選擇性液相沈積氧化矽絕緣膜在淺溝隔離技術上之應用開發

Abstract

液相沉積二氧化矽對光阻具有選擇性沉積的特性，根據此一獨特的特性我們發展出一種不須回蝕刻步驟卻可應用在積體電路上的淺溝隔離技術。在此論文中，我們將此種技術稱為選擇性液相沉積淺溝隔離技術。 選擇性液相沉積淺溝隔離技術的製程步驟順序敘述如下：一開始用光阻蓋住元件區域，然後利用矽蝕刻技術來形成隔離區的淺溝，接著用選擇性液相沈積方式的氧化膜來回填淺溝，填滿淺溝後，再將元件區域上的光阻去掉，最後長一層薄的犧牲氧化層以及對氧化膜進行高溫熱處理使之緻密化，然後去掉犧牲氧化層就完成了選擇性液相沉積淺溝隔離技術的所有製程。 首先，我們確認選擇性液相沈積氧化膜填縫隙的能力比傳統化學氣相沈積氧化膜來的優越，看到它可以將大高寬比的窄溝不留縫隙的填滿。接著，我們以所提出的選擇性液相沉積淺溝隔離技術來製作諸如電容器、n+/p接面二極體、n+/n+金屬閘極隔離電晶體及複晶閘極N型場效電晶體等測試元件來驗證此種隔離技術的可行性，實驗結果顯示出此種隔離技術下製作的元件擁有良好的電特性。除此之外，我們也探討了不同的熱處理製程對此淺溝隔離技術在隔離能力上以及元件電特性上的影響，研究指出為了可以得到更好的元件電特性，在對氧化膜進行高溫熱處理使之緻密化前的短時間氧化以形成薄的犧牲氧化層是有其必要性的。

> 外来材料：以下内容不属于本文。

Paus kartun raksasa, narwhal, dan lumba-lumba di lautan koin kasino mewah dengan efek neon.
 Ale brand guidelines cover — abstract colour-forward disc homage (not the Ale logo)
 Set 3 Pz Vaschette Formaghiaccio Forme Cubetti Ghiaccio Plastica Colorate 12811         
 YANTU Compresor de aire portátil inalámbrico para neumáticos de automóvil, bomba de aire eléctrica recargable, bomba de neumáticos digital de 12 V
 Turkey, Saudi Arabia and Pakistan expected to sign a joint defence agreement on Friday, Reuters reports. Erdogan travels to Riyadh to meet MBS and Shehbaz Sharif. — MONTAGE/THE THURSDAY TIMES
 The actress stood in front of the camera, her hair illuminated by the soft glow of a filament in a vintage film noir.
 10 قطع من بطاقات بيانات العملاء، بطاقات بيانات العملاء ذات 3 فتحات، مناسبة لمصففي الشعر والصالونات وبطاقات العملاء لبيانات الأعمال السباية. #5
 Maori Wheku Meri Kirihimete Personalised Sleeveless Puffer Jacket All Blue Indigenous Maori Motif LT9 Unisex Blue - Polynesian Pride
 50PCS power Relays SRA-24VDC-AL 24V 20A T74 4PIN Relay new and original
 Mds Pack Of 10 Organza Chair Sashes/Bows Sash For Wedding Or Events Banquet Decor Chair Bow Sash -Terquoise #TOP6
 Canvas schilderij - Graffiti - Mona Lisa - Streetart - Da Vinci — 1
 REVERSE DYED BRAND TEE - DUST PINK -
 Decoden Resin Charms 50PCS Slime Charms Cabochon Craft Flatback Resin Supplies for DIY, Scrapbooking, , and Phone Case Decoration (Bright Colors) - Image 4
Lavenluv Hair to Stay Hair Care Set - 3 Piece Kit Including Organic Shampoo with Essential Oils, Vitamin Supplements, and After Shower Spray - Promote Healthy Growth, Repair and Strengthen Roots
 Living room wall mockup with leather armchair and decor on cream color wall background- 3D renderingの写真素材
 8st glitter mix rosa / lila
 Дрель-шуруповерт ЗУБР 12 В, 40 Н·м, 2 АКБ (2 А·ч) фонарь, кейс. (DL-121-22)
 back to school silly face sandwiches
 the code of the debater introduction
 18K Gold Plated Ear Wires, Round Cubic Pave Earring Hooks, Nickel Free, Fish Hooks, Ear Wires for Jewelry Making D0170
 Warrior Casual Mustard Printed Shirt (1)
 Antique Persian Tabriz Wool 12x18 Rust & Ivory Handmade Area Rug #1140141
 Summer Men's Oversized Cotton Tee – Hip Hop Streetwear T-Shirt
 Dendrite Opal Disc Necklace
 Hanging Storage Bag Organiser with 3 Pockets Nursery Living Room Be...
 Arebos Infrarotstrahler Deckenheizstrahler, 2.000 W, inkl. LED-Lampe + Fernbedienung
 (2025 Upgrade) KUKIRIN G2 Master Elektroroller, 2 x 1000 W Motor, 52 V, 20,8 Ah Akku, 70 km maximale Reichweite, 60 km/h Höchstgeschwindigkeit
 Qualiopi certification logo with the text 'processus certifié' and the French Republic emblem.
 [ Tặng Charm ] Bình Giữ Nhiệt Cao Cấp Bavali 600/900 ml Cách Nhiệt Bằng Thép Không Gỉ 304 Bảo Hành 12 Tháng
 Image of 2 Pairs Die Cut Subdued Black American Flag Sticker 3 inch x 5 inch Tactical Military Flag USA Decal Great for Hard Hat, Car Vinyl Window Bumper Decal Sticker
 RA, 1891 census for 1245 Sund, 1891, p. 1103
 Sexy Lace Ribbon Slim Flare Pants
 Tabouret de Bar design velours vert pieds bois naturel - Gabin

Selective deposition against photoresist for liquid-phase deposited oxide has been found. According to this unique characteristic, the shallow trench isolation technology without etching back in integrated circuits is developed. In this thesis, we call it selective liquid-phase deposition shallow trench isolation (SLPD-STI) technology. SLPD-STI processes begin with photoresist masked silicon etching on a silicon wafer. Selective liquid-phase oxide deposition is followed to refill the shallow trench. After that, photoresist mask on the active device region is removed. At last, thin sacrificial oxide is grown and a SLPD oxide densification process is performed. Then, the processes of SLPD-STI technology are finished after removing sacrificial oxide. At first, the excellent gap filling ability of the selective liquid-phase deposited oxide over conventional CVD oxide is confirmed. It is found that high aspect-ratio narrow trench can be filled with selective liquid-phase deposited oxide free of voids. In order to verify the feasibility of SLPD-STI technology, we fabricate test devices such as capacitors, n+/p junction diodes, n+/n+ metal-gate isolation transistors and nmos poly-gate transistors, with our proposed SLPD-STI technology. It is demonstrated that good electrical performances of devices fabricated by SLPD-STI technology can be obtained. In addition, the effects of different thermal treatments on the isolation efficacy and devices electrical characteristics for SLPD-STI technology are also investigated. It indicates that short-time oxidation before refilled-oxide densification is necessary for SLPD-STI technology to obtain better electrical performances of devices.